--- START ---
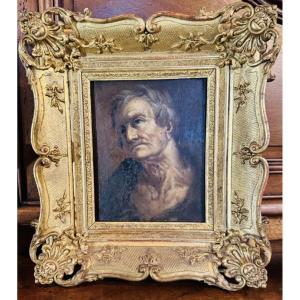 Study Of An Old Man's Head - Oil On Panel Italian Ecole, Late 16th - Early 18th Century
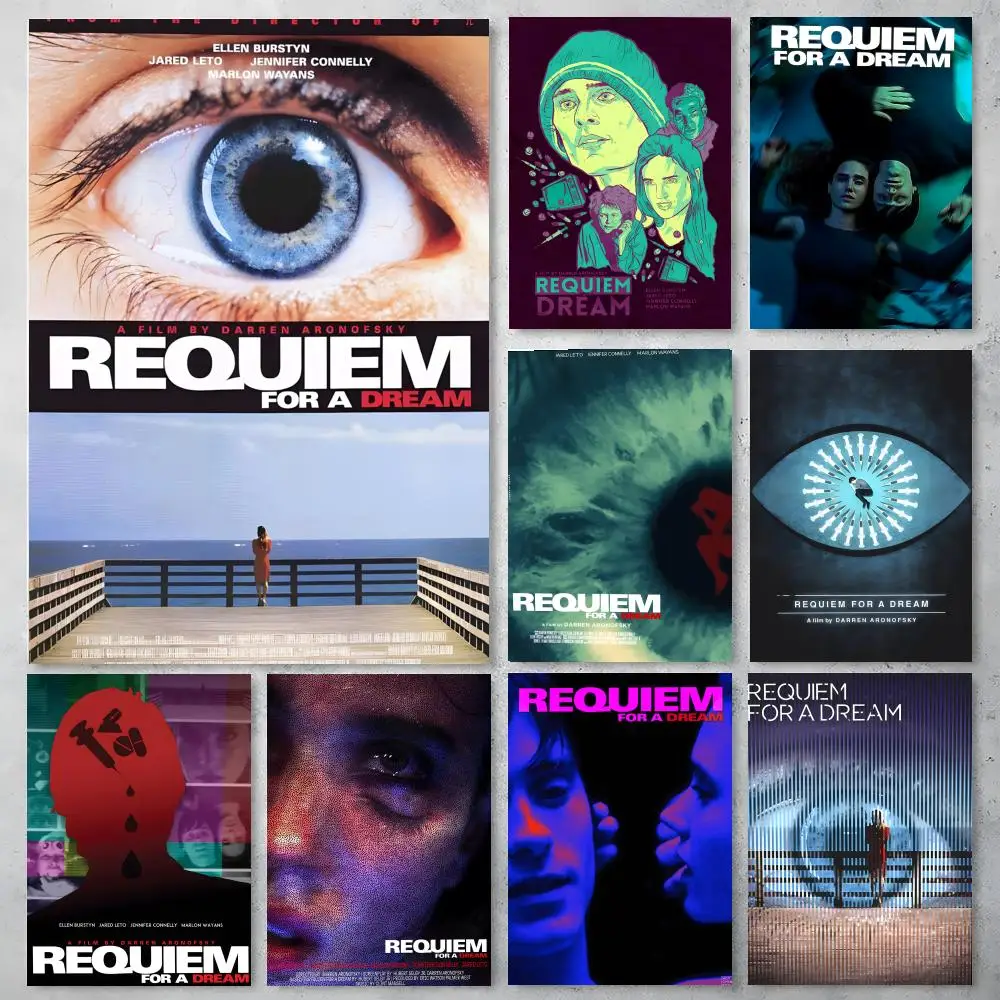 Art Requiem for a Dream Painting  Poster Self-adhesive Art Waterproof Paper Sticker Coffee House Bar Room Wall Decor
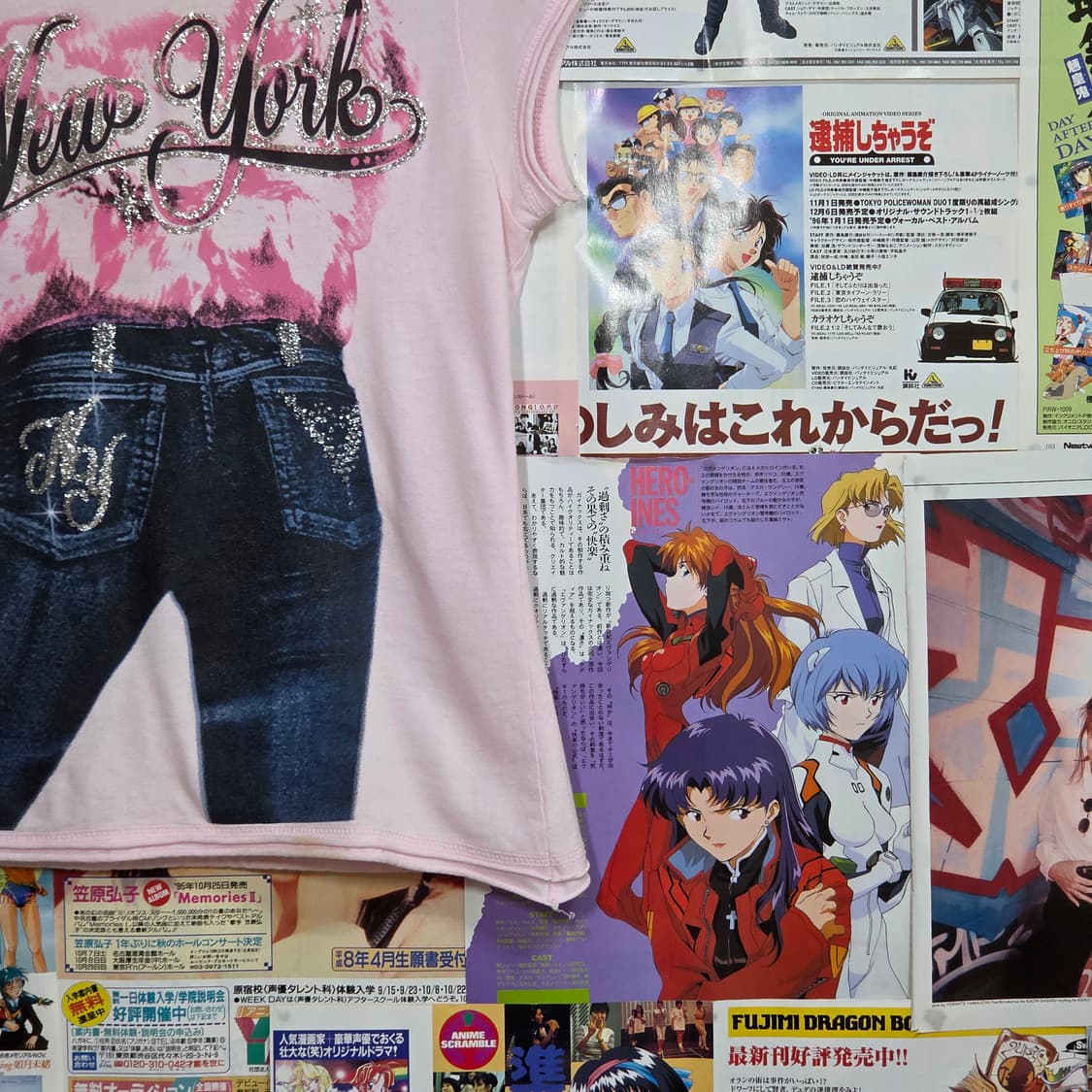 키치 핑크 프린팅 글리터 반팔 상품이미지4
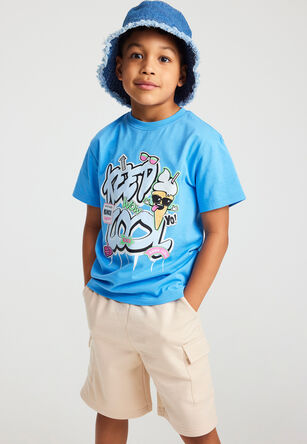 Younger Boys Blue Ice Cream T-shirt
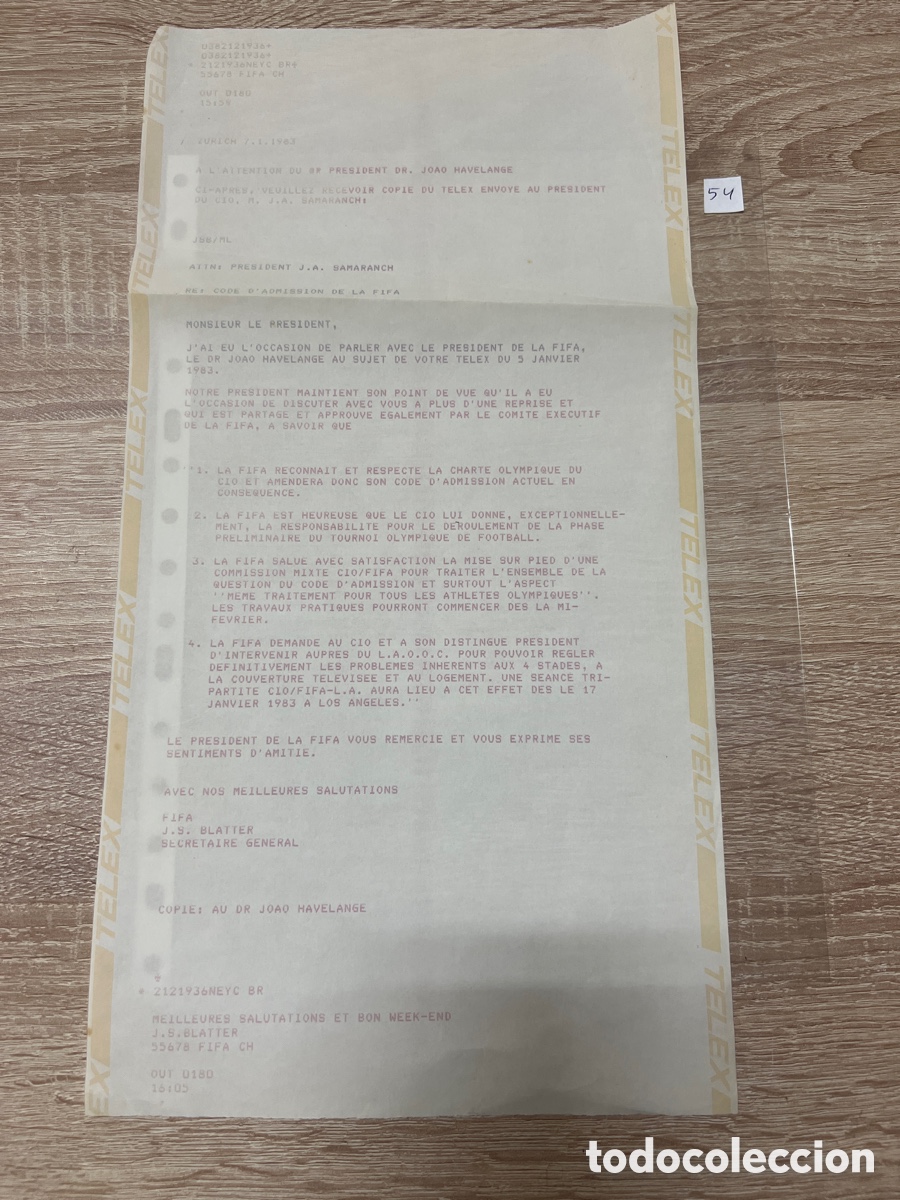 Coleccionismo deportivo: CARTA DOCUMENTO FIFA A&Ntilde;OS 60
--- END ---
> _Activity_: Print each entry above exactly. The pictures should not be printed.

> _Answer box_:
 Study Of An Old Man's Head - Oil On Panel Italian Ecole, Late 16th - Early 18th Century
 Art Requiem for a Dream Painting  Poster Self-adhesive Art Waterproof Paper Sticker Coffee House Bar Room Wall Decor
 키치 핑크 프린팅 글리터 반팔 상품이미지4
 Younger Boys Blue Ice Cream T-shirt
 Coleccionismo deportivo: CARTA DOCUMENTO FIFA A&Ntilde;OS 60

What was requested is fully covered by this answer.